# Hand Truck wheel covers



## suzie (Sep 1, 2010)

Anyone know where I can get wheel booties for a hand truck/two wheeler?


----------



## PLUMBER_BILL (Oct 23, 2009)

suzie said:


> anyone know where i can get wheel booties for a hand truck/two wheeler?


i always used the shoe covers ... Also used them for smoke detector covers ... I assume that the hand truck wheels are about 6" ... Small wheels might not work!


----------



## suzie (Sep 1, 2010)

PLUMBER_BILL said:


> i always used the shoe covers ... Also used them for smoke detector covers ... I assume that the hand truck wheels are about 6" ... Small wheels might not work!

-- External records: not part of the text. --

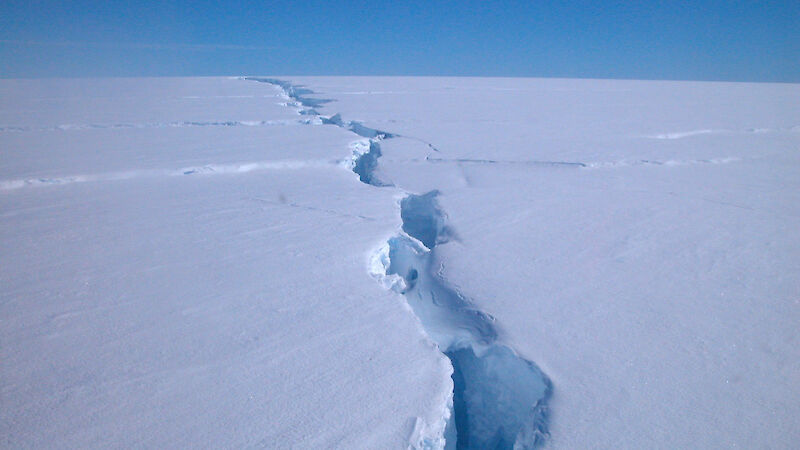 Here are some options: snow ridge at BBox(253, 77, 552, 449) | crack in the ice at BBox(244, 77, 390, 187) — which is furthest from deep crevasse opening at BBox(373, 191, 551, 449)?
crack in the ice at BBox(244, 77, 390, 187)

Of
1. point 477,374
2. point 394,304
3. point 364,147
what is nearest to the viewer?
point 477,374

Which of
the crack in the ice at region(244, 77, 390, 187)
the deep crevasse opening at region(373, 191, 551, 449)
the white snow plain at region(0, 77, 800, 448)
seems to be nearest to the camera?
the white snow plain at region(0, 77, 800, 448)

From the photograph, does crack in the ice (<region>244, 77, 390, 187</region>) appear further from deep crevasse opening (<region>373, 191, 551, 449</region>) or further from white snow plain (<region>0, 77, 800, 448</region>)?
deep crevasse opening (<region>373, 191, 551, 449</region>)

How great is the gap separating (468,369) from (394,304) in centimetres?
29

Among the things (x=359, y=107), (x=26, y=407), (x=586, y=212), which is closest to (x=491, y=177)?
(x=586, y=212)

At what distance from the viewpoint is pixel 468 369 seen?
1321mm

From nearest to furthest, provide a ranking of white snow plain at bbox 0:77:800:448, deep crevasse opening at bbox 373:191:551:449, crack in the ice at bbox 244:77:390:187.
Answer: white snow plain at bbox 0:77:800:448 → deep crevasse opening at bbox 373:191:551:449 → crack in the ice at bbox 244:77:390:187

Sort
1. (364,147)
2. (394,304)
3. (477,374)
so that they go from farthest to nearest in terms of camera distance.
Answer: (364,147)
(394,304)
(477,374)

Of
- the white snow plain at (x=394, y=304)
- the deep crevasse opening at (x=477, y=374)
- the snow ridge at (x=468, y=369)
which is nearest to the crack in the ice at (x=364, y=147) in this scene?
the white snow plain at (x=394, y=304)

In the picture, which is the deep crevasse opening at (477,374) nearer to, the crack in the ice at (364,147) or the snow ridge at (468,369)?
the snow ridge at (468,369)

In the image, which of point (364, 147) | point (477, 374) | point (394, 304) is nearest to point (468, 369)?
point (477, 374)

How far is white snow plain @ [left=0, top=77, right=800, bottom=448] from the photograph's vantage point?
99 centimetres

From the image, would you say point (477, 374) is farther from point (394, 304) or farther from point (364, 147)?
point (364, 147)

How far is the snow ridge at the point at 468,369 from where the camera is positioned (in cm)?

I guess I will just use my work boot cover. I thought maybe there were wheel covers that fit tighter. I have the smallest shoe covers and I trip over them all the time.


----------



## JK949 (Mar 18, 2009)

I use either masking tape or metal HVAC tape.


----------



## HSI (Jun 3, 2011)

I have had good luck with a damp rag to wipe and then use a dry one.


----------



## Richard Hilliard (Apr 10, 2010)

PLUMBER_BILL said:


> i always used the shoe covers ... Also used them for smoke detector covers ... I assume that the hand truck wheels are about 6" ... Small wheels might not work!


 
absolutely 100% spot on.


----------



## UN1TED-WE-PLUMB (Oct 3, 2012)

I just use drop clothes. I have about 90' of runners on my truck.


----------



## SewerRatz (Apr 25, 2009)

Before shoe covers, my father always kept plastic and paper bags on the truck with some duct tape. Always worked for him.


----------



## plbgbiz (Aug 27, 2010)

suzie said:


> Anyone know where I can get wheel booties for a hand truck/two wheeler?


2-wheeler covers would have to fit pretty tight to maintain traction and be able to stay in position. With the weight of a water heater, rubber tires, and tight turn in hallways it seems like a tall order. You may be better off with floor runners.


----------



## Rotorooter1277 (Jul 8, 2012)

Roto-Rooter actually makes wheel covers for hand trucks and drain cleaning machines. I think they are $17.50 for a pair of 25. However, they do have our logo on them so that might not work for you. I guess you could turn them inside out


----------